- [ABOUT THIS EXERCISE]: Transcribe each entry so that nothing differs from the original.

- [MATERIAL FOR THIS TASK]:

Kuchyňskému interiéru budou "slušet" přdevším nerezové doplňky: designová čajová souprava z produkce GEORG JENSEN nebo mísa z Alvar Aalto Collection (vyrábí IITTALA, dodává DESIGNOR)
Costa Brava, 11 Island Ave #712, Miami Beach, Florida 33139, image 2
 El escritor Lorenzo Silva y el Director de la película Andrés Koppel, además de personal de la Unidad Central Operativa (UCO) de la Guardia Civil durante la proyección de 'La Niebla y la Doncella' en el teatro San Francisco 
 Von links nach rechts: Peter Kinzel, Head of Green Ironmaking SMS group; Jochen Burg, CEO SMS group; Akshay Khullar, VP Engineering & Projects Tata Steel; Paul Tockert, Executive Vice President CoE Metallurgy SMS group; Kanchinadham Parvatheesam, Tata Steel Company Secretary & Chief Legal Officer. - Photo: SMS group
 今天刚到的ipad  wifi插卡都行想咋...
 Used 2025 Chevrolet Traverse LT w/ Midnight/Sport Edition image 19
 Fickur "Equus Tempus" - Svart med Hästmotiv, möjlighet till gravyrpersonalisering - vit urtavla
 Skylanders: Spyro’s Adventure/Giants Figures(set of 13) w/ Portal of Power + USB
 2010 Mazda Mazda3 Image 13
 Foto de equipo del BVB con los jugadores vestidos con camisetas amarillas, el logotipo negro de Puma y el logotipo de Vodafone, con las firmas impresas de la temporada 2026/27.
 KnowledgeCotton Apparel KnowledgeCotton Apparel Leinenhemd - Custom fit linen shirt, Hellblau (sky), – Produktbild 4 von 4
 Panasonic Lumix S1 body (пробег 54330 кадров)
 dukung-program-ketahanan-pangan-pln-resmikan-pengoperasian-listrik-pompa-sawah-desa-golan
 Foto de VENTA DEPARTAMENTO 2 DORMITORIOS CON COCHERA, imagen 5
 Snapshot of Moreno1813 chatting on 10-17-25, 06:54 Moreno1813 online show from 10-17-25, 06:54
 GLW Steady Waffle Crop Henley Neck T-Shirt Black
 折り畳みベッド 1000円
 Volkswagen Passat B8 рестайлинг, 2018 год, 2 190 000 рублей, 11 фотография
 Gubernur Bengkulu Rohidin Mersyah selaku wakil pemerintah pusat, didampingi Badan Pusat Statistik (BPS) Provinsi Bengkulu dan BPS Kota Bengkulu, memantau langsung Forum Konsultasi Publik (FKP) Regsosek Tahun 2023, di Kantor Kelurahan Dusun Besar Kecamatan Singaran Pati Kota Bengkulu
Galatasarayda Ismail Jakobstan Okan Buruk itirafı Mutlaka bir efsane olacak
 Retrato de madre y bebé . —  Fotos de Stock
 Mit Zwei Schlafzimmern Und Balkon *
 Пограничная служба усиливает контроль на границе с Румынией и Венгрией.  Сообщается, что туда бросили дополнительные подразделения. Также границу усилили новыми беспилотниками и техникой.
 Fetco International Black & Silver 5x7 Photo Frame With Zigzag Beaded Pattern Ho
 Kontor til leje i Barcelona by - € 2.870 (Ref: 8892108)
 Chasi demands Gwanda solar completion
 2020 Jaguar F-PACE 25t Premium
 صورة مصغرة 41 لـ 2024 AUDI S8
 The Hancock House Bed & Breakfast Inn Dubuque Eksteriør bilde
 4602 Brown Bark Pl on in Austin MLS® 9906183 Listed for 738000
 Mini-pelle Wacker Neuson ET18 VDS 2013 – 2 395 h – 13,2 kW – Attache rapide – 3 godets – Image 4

- [RESPONSE AREA]:
Kuchyňskému interiéru budou "slušet" přdevším nerezové doplňky: designová čajová souprava z produkce GEORG JENSEN nebo mísa z Alvar Aalto Collection (vyrábí IITTALA, dodává DESIGNOR)
Costa Brava, 11 Island Ave #712, Miami Beach, Florida 33139, image 2
 El escritor Lorenzo Silva y el Director de la película Andrés Koppel, además de personal de la Unidad Central Operativa (UCO) de la Guardia Civil durante la proyección de 'La Niebla y la Doncella' en el teatro San Francisco 
 Von links nach rechts: Peter Kinzel, Head of Green Ironmaking SMS group; Jochen Burg, CEO SMS group; Akshay Khullar, VP Engineering & Projects Tata Steel; Paul Tockert, Executive Vice President CoE Metallurgy SMS group; Kanchinadham Parvatheesam, Tata Steel Company Secretary & Chief Legal Officer. - Photo: SMS group
 今天刚到的ipad  wifi插卡都行想咋...
 Used 2025 Chevrolet Traverse LT w/ Midnight/Sport Edition image 19
 Fickur "Equus Tempus" - Svart med Hästmotiv, möjlighet till gravyrpersonalisering - vit urtavla
 Skylanders: Spyro’s Adventure/Giants Figures(set of 13) w/ Portal of Power + USB
 2010 Mazda Mazda3 Image 13
 Foto de equipo del BVB con los jugadores vestidos con camisetas amarillas, el logotipo negro de Puma y el logotipo de Vodafone, con las firmas impresas de la temporada 2026/27.
 KnowledgeCotton Apparel KnowledgeCotton Apparel Leinenhemd - Custom fit linen shirt, Hellblau (sky), – Produktbild 4 von 4
 Panasonic Lumix S1 body (пробег 54330 кадров)
 dukung-program-ketahanan-pangan-pln-resmikan-pengoperasian-listrik-pompa-sawah-desa-golan
 Foto de VENTA DEPARTAMENTO 2 DORMITORIOS CON COCHERA, imagen 5
 Snapshot of Moreno1813 chatting on 10-17-25, 06:54 Moreno1813 online show from 10-17-25, 06:54
 GLW Steady Waffle Crop Henley Neck T-Shirt Black
 折り畳みベッド 1000円
 Volkswagen Passat B8 рестайлинг, 2018 год, 2 190 000 рублей, 11 фотография
 Gubernur Bengkulu Rohidin Mersyah selaku wakil pemerintah pusat, didampingi Badan Pusat Statistik (BPS) Provinsi Bengkulu dan BPS Kota Bengkulu, memantau langsung Forum Konsultasi Publik (FKP) Regsosek Tahun 2023, di Kantor Kelurahan Dusun Besar Kecamatan Singaran Pati Kota Bengkulu
Galatasarayda Ismail Jakobstan Okan Buruk itirafı Mutlaka bir efsane olacak
 Retrato de madre y bebé . —  Fotos de Stock
 Mit Zwei Schlafzimmern Und Balkon *
 Пограничная служба усиливает контроль на границе с Румынией и Венгрией.  Сообщается, что туда бросили дополнительные подразделения. Также границу усилили новыми беспилотниками и техникой.
 Fetco International Black & Silver 5x7 Photo Frame With Zigzag Beaded Pattern Ho
 Kontor til leje i Barcelona by - € 2.870 (Ref: 8892108)
 Chasi demands Gwanda solar completion
 2020 Jaguar F-PACE 25t Premium
 صورة مصغرة 41 لـ 2024 AUDI S8
 The Hancock House Bed & Breakfast Inn Dubuque Eksteriør bilde
 4602 Brown Bark Pl on in Austin MLS® 9906183 Listed for 738000
 Mini-pelle Wacker Neuson ET18 VDS 2013 – 2 395 h – 13,2 kW – Attache rapide – 3 godets – Image 4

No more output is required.